Earlier, I whined that no one took us seriously [HHPR#2]. One reason is a clash of cultures. Hubby and I grew from an amalgam of New England and Mid-Atlantic influences. New Englanders are know for being thrifty. Part of this is practical. If you live in a cold place where the roads get salted, why spend money on a car when the undercarriage will only get eaten to pieces? Part of the New England thriftiness is an existential hangover from the Puritans.

Just as rich Americans from old-money families in New England frown on ostentation – they might invest in land, furniture, and boats, for instance, but drive run-down old cars and wear ancient khakis and holey sweaters – so do many old-money Britons recoil from lavish displays.

The Anglo Files: A Field Guide To The British by Sarah Lyall [Norton 2008]

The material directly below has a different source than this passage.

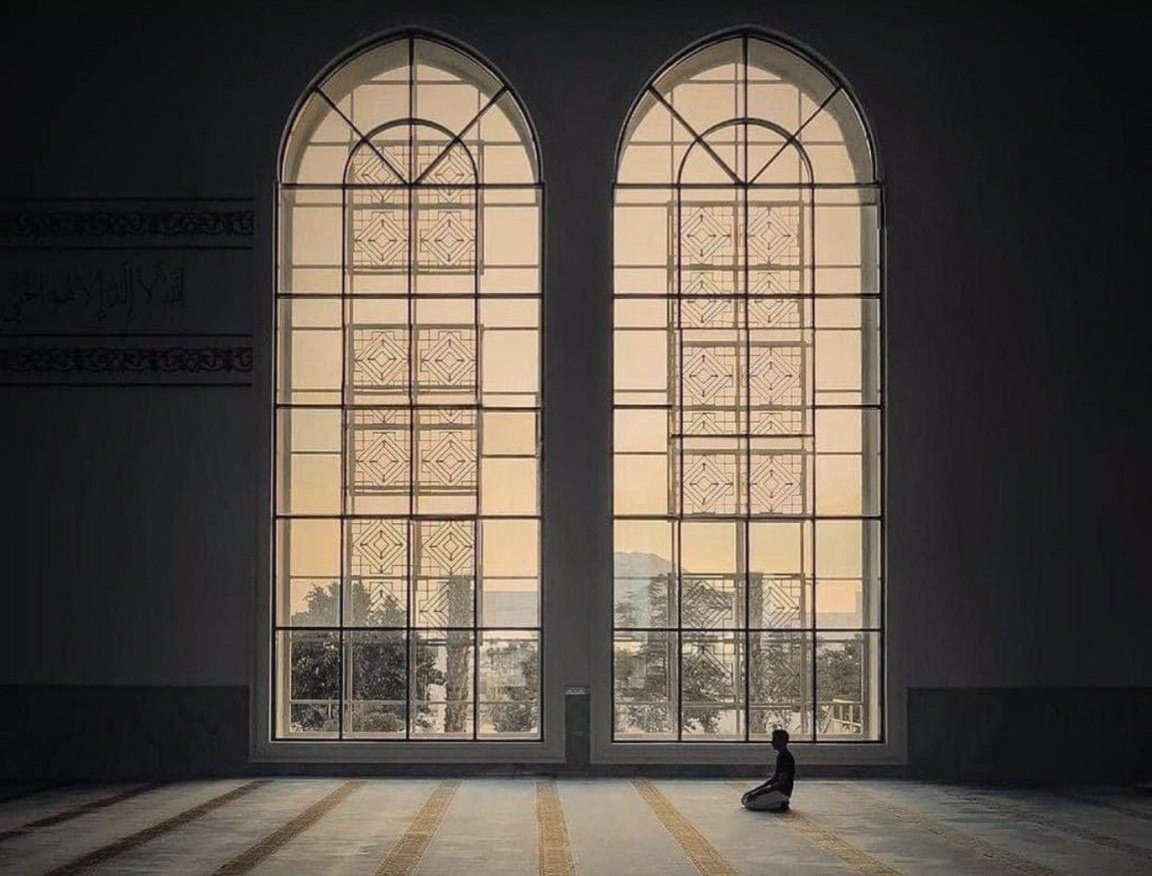 "وَكَيفَ يَا رَبُّ نَخشَىٰ مَا نُكَابدُهُ
وَفِي حِمَاكَ يُضِيء الفَألُ وَالأمَلُ."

Add to that the concept of inverse snobbery. The idea that I am so cool I don’t have to prove to you how cool I am. The story goes that when my father was an up-and-coming yuppie in the big city, his co-workers established enormous ego-walls with framed diplomas from fancy schools. My father’s response was to hang a certificate of literacy he earned from the state DMV when he had to replace an expired license. When he could not prove he had graduated from high school, they made him take the test. Dunno if the tale is true, but it could be. My father was black belt at this maneuver. What you learn young stays with you.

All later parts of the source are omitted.